# Lithgows Ltd - Port Glasgow



## marcus (Nov 27, 2007)

Hello!
Ok, this is not a ship, but a shipbuilder!

Anyone knows if still exist (and where is it!) an archive about ships built by Lithgows Ltd - Port Glasgow? Any idea of who succeded at this company?
Thaks
Marco


----------



## Jim S (Jan 21, 2006)

Lithgow's no longer exists in any form. In 1969 Lithgow merged with Scotts Shipbuilding & Engineering to form Scott-Lithgow Ltd.
Scott-Lithgow were absorbed into British Shipbuilders in 1977 which only hastened the company's demise as it seemed what orders for political expediency were seemed to be diverted away from Scott-Lithgow. The last work done by the yard was the self propelled semi-submersible drilling rig Ocean Alliance in 1987.
Lithgow's originally had two yards in Port Glasgow. The East Yard and the Kingston Yard with Wm Hamilton between them.
Port Glasgow is located on the lower reaches of the River Clyde adjacent to the town of Greenock.


----------



## marcus (Nov 27, 2007)

Thank you Jim,
do you think that Lithgow's old archive with ship plans and technical sheets is completely gone?


----------



## stan mayes (Jul 22, 2006)

Lithgow's - -
Early 1960s I wrote to Lithgow's.addressed to Office Manager..
I complimented them on building sturdy ships and wrote I had sailed in two of them - CAPE HOWE maiden voyage 1943 and FREECREST ex EMPIRE AUSTEN in 1951..In a SAE I asked if I could obtain a photo of the ships taken when new..
After three weeks and no acknowledgement I wrote again and included a £3 Postal Order thinking that money would bring results..
Needless to say I heard no more..There's one born every minute!!
I later realised that addressing it to Officer Manager was an error..
I am still looking for a wartime photo of CAPE HOWE - she was equipped with torpedo protection nets..
Stan


----------



## vicbitter57 (Sep 21, 2007)

Hi Stan,
Can't find a wartime photo but here's on of her.

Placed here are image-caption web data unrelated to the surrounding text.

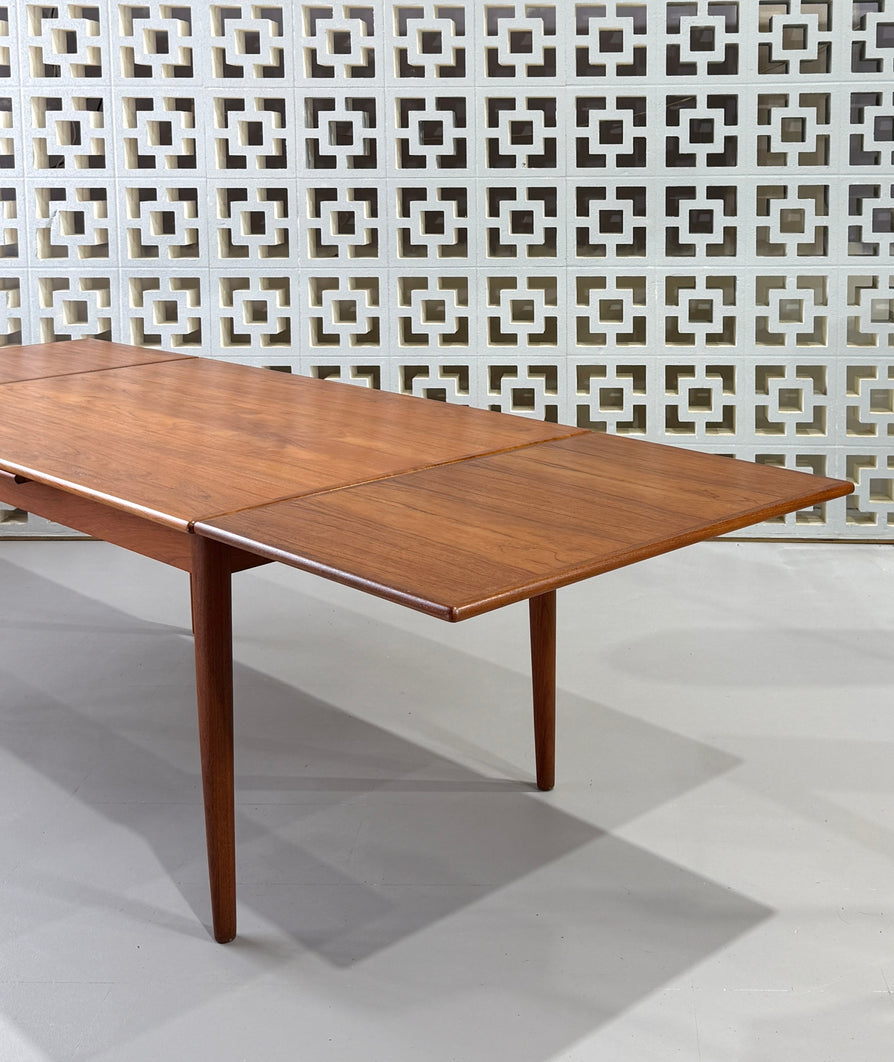 Danish Extension Dining Table in Teak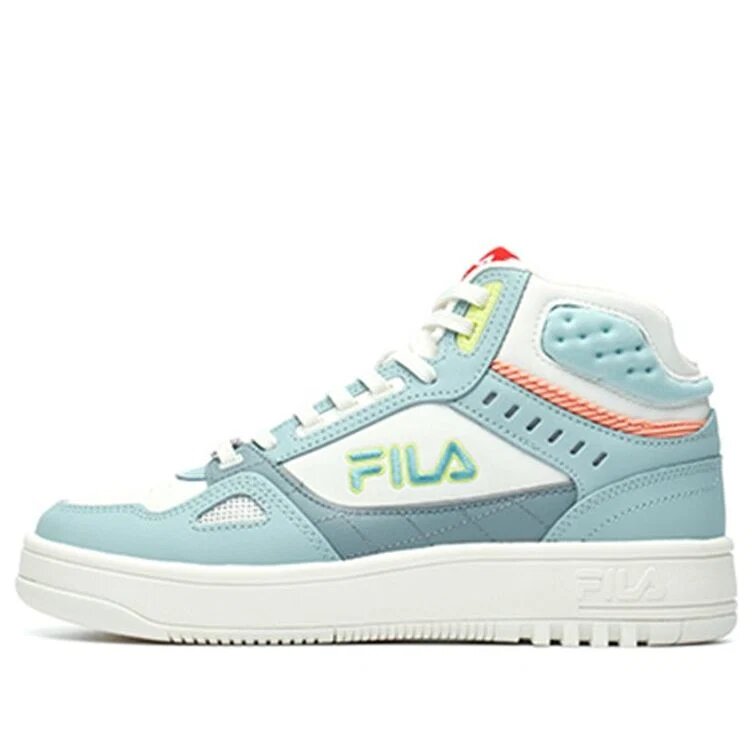 Baskets montantes bleues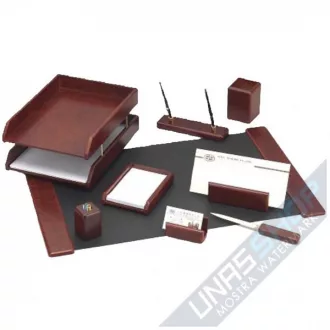 Set birou EVOffice, 9 piese, Lemn cires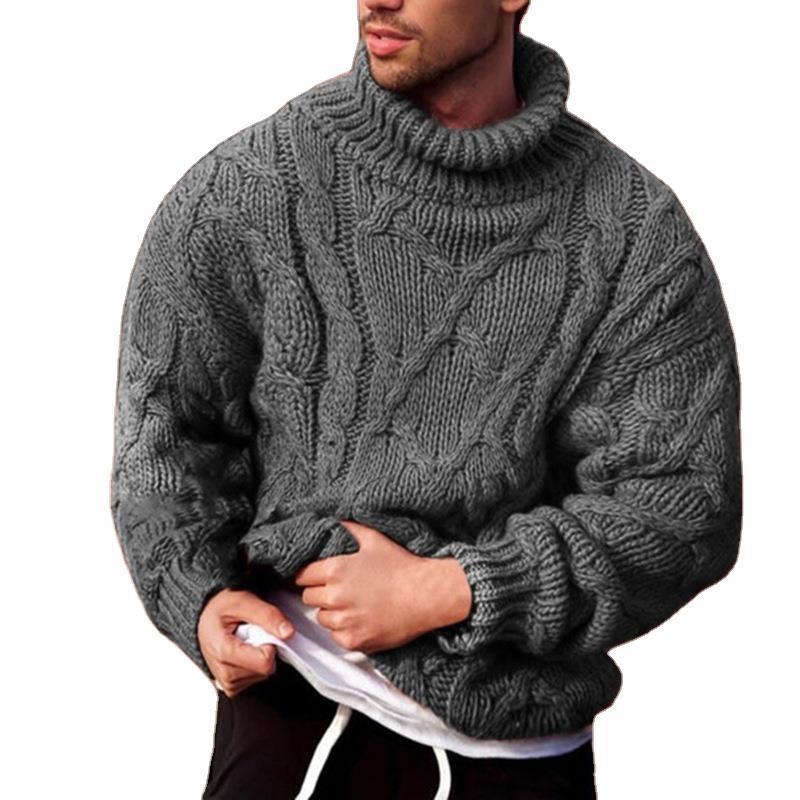 Twisted turtleneck men's sweater men's sweater - Bellarte Enchanté Twisted turtleneck men's sweater men's sweater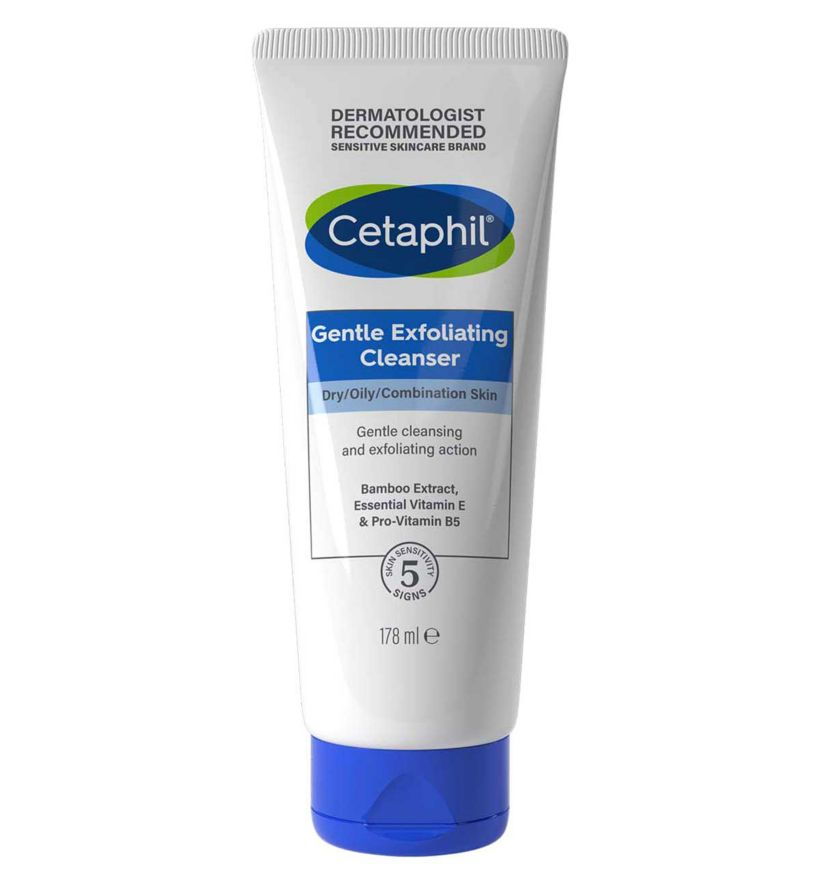 Cetaphil Gentle Exfoliating Cleanser Face Wash 178ml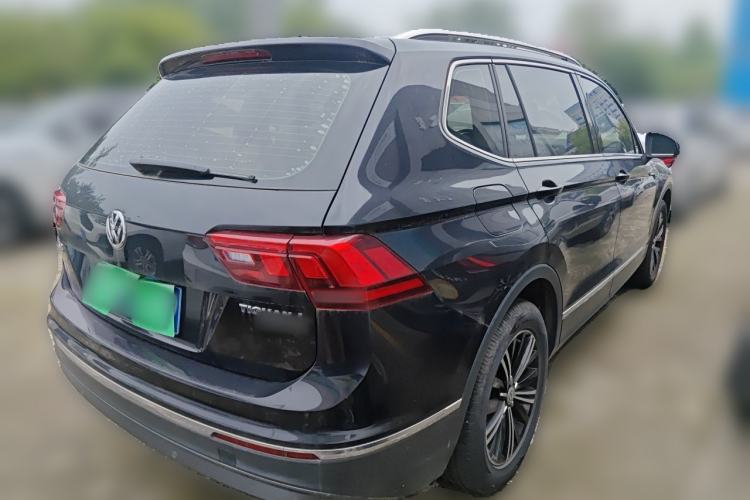 Used Volkswagen Tiguan L 2019 Updated Version 330TSI Automatic Two-Wheel Drive Panoramic Comfort Edition China VI Standard Rear Right 45 Deg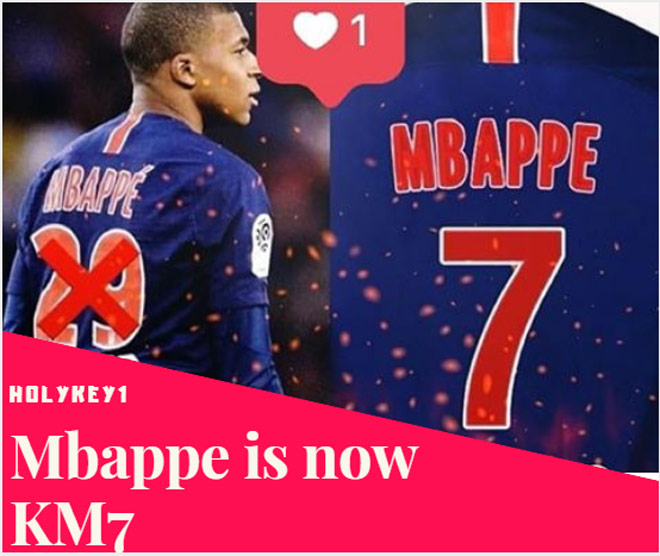 "Vua World Cup" Mbappe ra mắt áo số 7 PSG: Sẽ viết sử như Ronaldo? - 1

http://www.clydesite.co.uk/clydebuilt/viewship.asp?id=18301

I think the net device was called an "AND" (Admiralty Net Defences) or something similar, one of my old mans ships was Fort Venango, fitted with AND. Also an interesting site on the 1st Cape Howe at

http://www.mikekemble.com/ww2/merchantnavy6.html

All the best, VB


----------



## stan mayes (Jul 22, 2006)

Hi VB,
Thankyou for the links. Of the photo of CAPE HOWE 2 which I sailed in,I have that photo taken in Capetown...When built her funnel was smaller..
Years ago I saw a ship in Hamburg which I recognised as a 'Fort' boat.She had a German ensign and her name was AUGUST THYSSEN..
I found she was built as FORT VENANGO..
Regards - Stan


----------



## Bruce Carson (Jun 14, 2005)

Wikipedia has a time line of Lithgows that may be of interest:
http://en.wikipedia.org/wiki/Lithgows
There is an existing Company claiming the heritage of the original shipbuilder, but I'm not sure how legitimate that assertion might be:
http://www.lithgows.co.uk/
Archives of the Company are held by Glasgow University as listed here:
http://www.archives.gla.ac.uk/collects/catalog/gd/gd320.html


----------



## marcus (Nov 27, 2007)

Thank you Bruce!
That's perfect!


----------



## Jim MacIntyre (Mar 11, 2006)

Marcus 
I think you will find that Glasgow University Archives have a lot of do***ents from Lithgows but if you are looking for ship plans they went to National Maritime Museum.


----------



## marcus (Nov 27, 2007)

Jim MacIntyre said:


> Marcus
> I think you will find that Glasgow University Archives have a lot of do***ents from Lithgows but if you are looking for ship plans they went to National Maritime Museum.


Thank you Jim,
do you know if National Maritime Museum gives these plans? How can I obtain them?


----------



## marcus (Nov 27, 2007)

marcus said:


> Thank you Jim,
> do you know if National Maritime Museum gives these plans? How can I obtain them?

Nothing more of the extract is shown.